__WHAT THE TASK REQUIRES__:
Although the data holds pictures, return only the lines from the one containing "I sprayed around" to the end, exactly, and without them.

__SUPPLIED MATERIAL__:
== Segment start ==
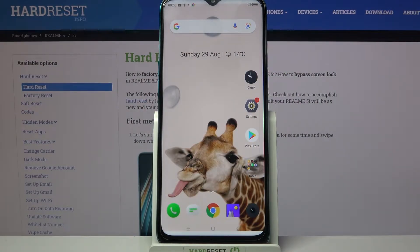Hi! In front of me is Realme 5i and today I would like to show you how you can set up screen lock on this device.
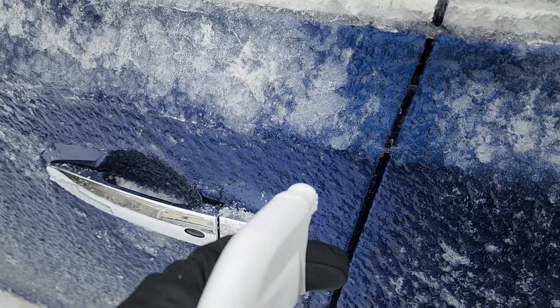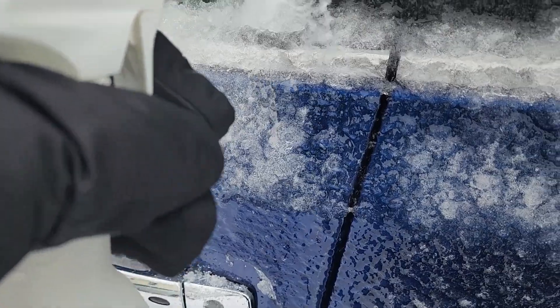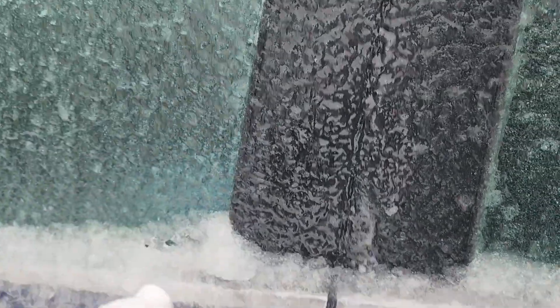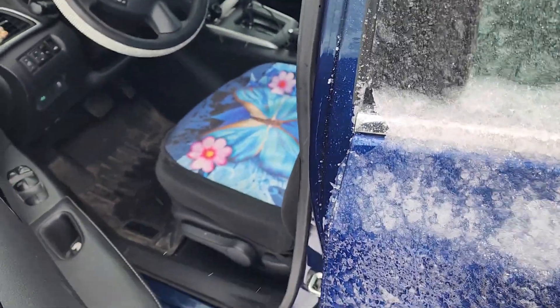I sprayed around the edges of the door, and in a few seconds it did activate. Wow!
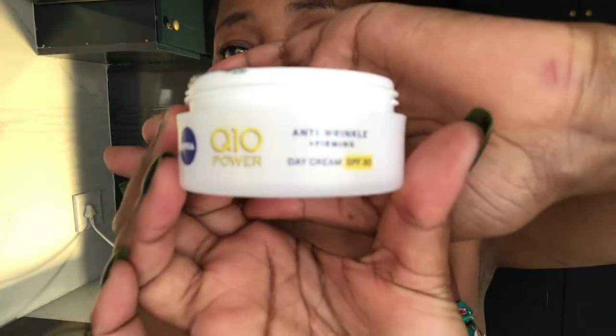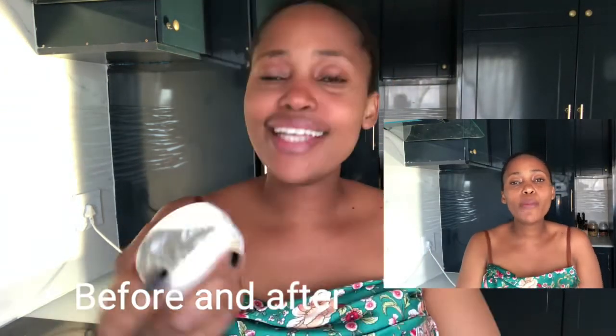Can you see it? Can you see the difference? This is the Nivea Q10 Power Anti-Wrinkles and Firming Day Cream SPF 30. This is what I use every day — my everyday lotion. What do you think, guys? Can you see the difference?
== Segment end ==
__ANSWER__:
I sprayed around the edges of the door, and in a few seconds it did activate. Wow!
Can you see it? Can you see the difference? This is the Nivea Q10 Power Anti-Wrinkles and Firming Day Cream SPF 30. This is what I use every day — my everyday lotion. What do you think, guys? Can you see the difference?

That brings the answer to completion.